Geist’s anecdotes are so captivating that eventually even Quinn leans forward in his chair.

“I want to travel the Continent,” he confesses.

“Go first to the City of Light,” says Geist. “Fill your mind with beauty.” He jumps up to leave the room and returns with a stack of tintypes. “Locke ought to have stayed there. He’s destroyed his sanity. But his images will bear witness to this war long after we are departed.” Geist hands them around for us to examine.

I examine portrait images of young boys with guns high as their chests. Rows of the dying. Rows of hospital beds. A look at Quinn, and I can tell that each image has hit him as a punch.

The pictures have a dizzying effect on me, too. I’m not sure if I’m mesmerized or daydreaming, but the heat is with me all at once as my memory catapults me back to last year, a languid August afternoon. Will and I had strayed from our picnic spot to go boating, and a boy, watching us push off from the bank, had decided to rifle through the belongings we had left behind, including Will’s sketchbook. Ripping out the pages…yes, I remember…the little troublemaker had then set them afloat in the water, and Will had blazed with fury. I’d never seen him in such a temper, and it had taken him the rest of the day to calm himself.

My eyes are staring into Will’s eyes—black irises ringed in pale blue.

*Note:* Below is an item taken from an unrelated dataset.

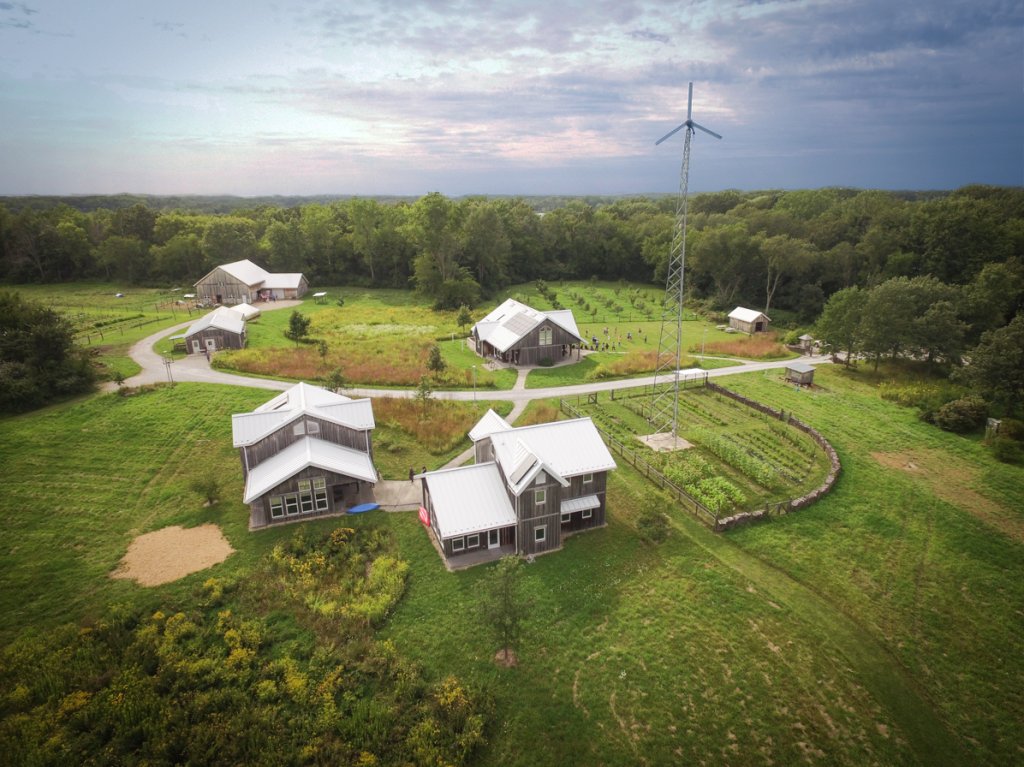 Airplane view of a farm with five buildings on the property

I open my eyes and Will stands before me in blazing life in his Union uniform. The bottoms of his trousers are wet, and water darkly pools the carpet. His anger is palpable. He is so real, so alive, that I can inhale the tang of the salt water that he has carried in with him. If I reached forward, I could ball my fingers in the rough broadcloth of his jacket, my mouth could find that secret space where the carved notch of his collarbone met his throat and—

“Miss Lovell!”

Everyone is looking at me.

I blink. Will is gone. I am slumped in my chair, my teacup has fallen, and its liquid has soaked the carpet.

Quinn has left his chair and is bent on one knee before me. “Jennie?” he whispers softly. “What’s the matter?”

“Nothing.” I sit up. “I’m sorry.”

“Miss Lovell, are you unwell?” asks Geist.

“No, no, I’m sorry—excuse me, I need air.” Quinn helps me to stand, but his hand, gripping bony at my elbow, is no comfort. I shrug him off, but then I am embarrassed, my palms lifted in protest for anyone to follow. I am careful not to look at Aunt Clara as I hasten out.

Alone in the hall, I untie my collar and fan my cheeks with my fingers. Though my fever ebbs, I have little doubt.

Will was here. He was in this house, in that room, if only for a moment. But it was as true a moment as I have ever lived.

On the front hall table rests a small, paper-wrapped package, twine-tied, inscribed with the name Harding. The package is approximately the same size as the plates Geist had inserted and removed from his camera.

A good spy is never afraid to transgress.

I look over my shoulder. Nobody is in the hall.

My heart could take wing, it’s beating so fast as my fingers unpick the twine. The knot gives too slowly. Then I slide a series of identical photos from their wrapping.

Backed and framed in a cardboard slip, a man sits as grim as a tombstone on the same ornate love seat of Geist’s parlor. Above him hovers a delicate, nearly transparent image. Dressed in gauze, a crown of holly leaves twisted through her pale, streaming hair, the angel appears otherworldly and is more exquisite than my most vivid imaginings.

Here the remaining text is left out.